The Space Between Us
Opens 29 Jul. Directed by Peter Chelsom. Starring Asa Butterfield, Britt Robertson, Gary Oldman and Carla Gugino.
This sci-fi teen romance almost failed to make it thanks to the bankruptcy of its studio, Relativity Media. It's since been salvaged by STX Entertainment and is coming out in July. Asa Butterfield of Ender's Game is back in space, as a boy on Mars who decides to visit a girl on Earth. That's pretty much the extent of my knowledge. While it's getting a theatrical release in the USA it seems easy to imagine it going direct to video and streaming services in Australia. Director Peter Chelsom has also directed Hector and the Search for Happiness, Serendipity and Hannah Montana: The Movie, none of which fill me with confidence.

Star Trek Beyond
Opens 22 Jul. Directed by Justin Lin. Starring Chris Pine, Zachary Quinto, Zoe Saldana, Idris Elba, John Cho, Karl Urban, Simon Pegg and Anton Yelchin.

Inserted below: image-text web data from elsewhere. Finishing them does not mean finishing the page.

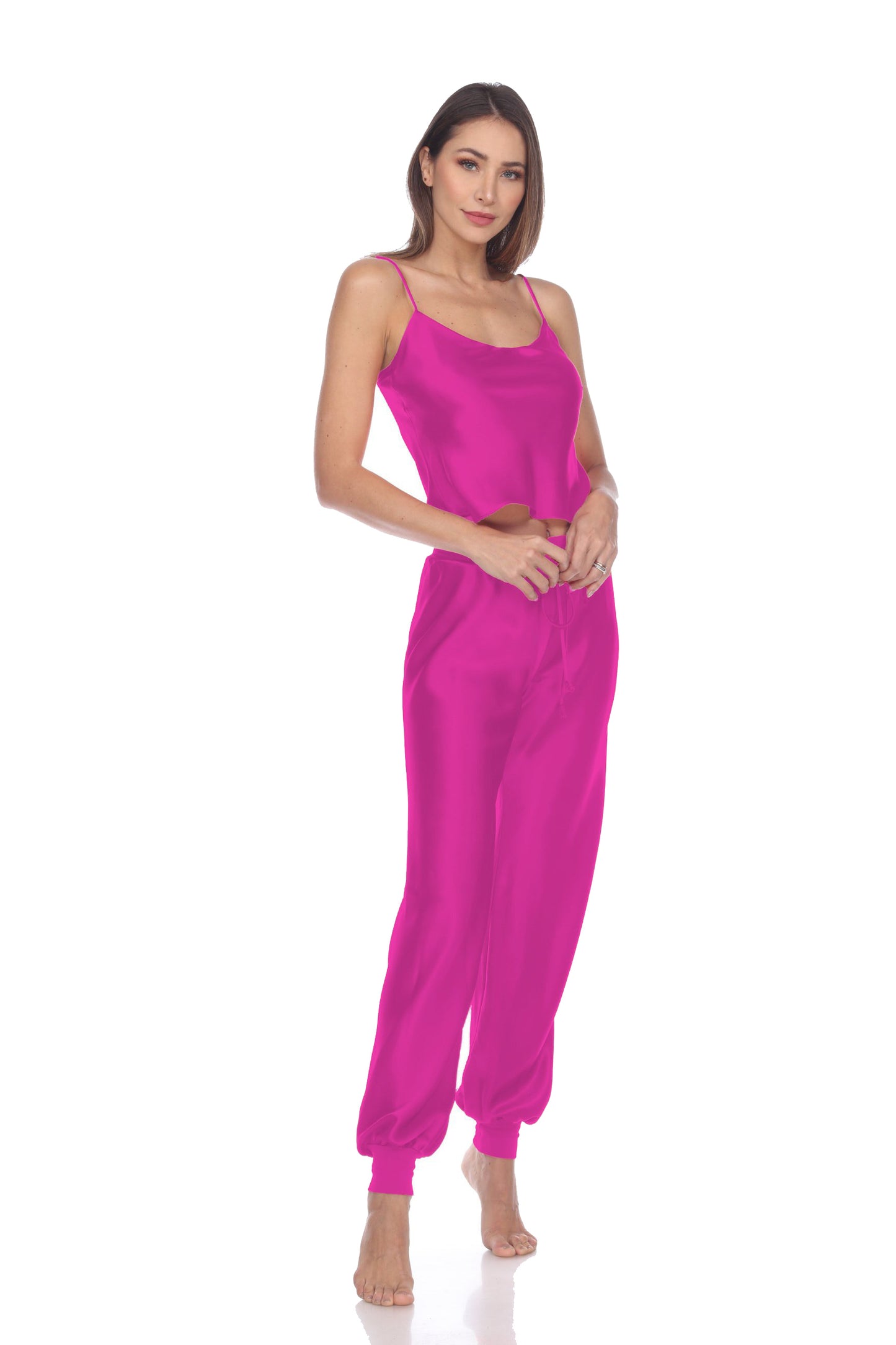 Solid Jogger Pant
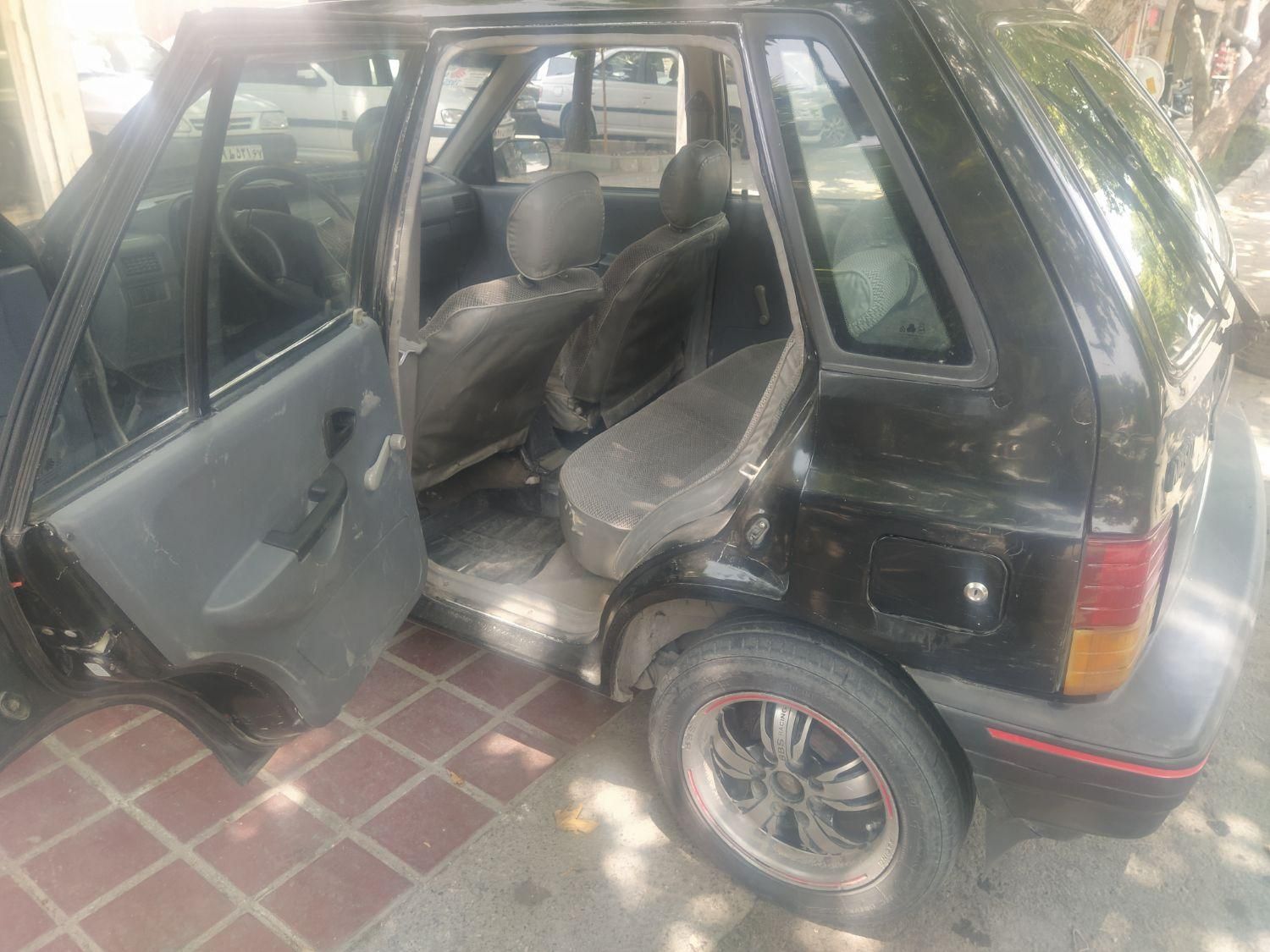 پراید 111 LX - 1386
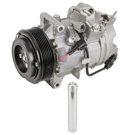2020 Nissan 370Z A/C Compressor and Components Kit 1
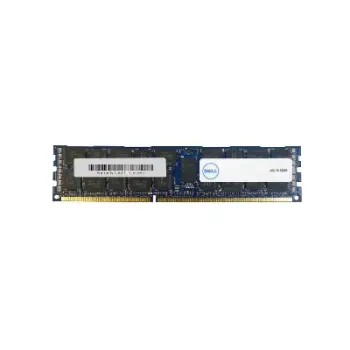 Dell 8GB PC3-10600 DDR3-1333MHz ECC Registered CL9 240-Pin DIMM Dual Rank Memory Module Part# 317-6671 Dell 8GB PC3-10600 DDR3-1333MHz ECC Registered CL9 240-Pin DIMM Dual Rank Memory Module Part# 317-6671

So Paramount released Star Trek Into Darkness, and it earned a pretty respectable amount of money. Then Disney released Guardians of the Galaxy and it earned quite a lot more money. As a result, this is Paramount's pitch for more mainstream dollars. We have a new director - Fast & Furious helmer Justin Lin - and we have a much more action-oriented, comedic sort of plot and tone. A teaser trailer has been released to a fairly mixed response from Star Trek fans. Personally I'm optimistic. Star Trek has regularly given us comedic banter and action before, and with co-star and supreme science fiction nerd Simon Pegg co-writing the screenplay I think there's a very solid probability that the film is going to respect its roots just fine. To be honest, the franchise could do with a little Guardians after the disappointment of Into Darkness.

Viral
Directed by Henry Joost and Ariel Schulman. Starring Analeigh Tipton and Sophie Black D'Ella.
The directors of the rather excellent doco-thriller Catfish return with this science fiction horror film. In the aftermath of a global viral pandemic, a woman tries to protect her son while recording on video the events taking place around her. I'm assuming from the pitch that it's found footage, which is something I enjoy tremendously if done well. Certainly Catfish is one film I'd say managed to do that. Viral was supposed to open in American cinemas on 19 February, but last week Dimension Films abruptly pulled it from the schedule. My guess now is that it's going direct to video and streaming.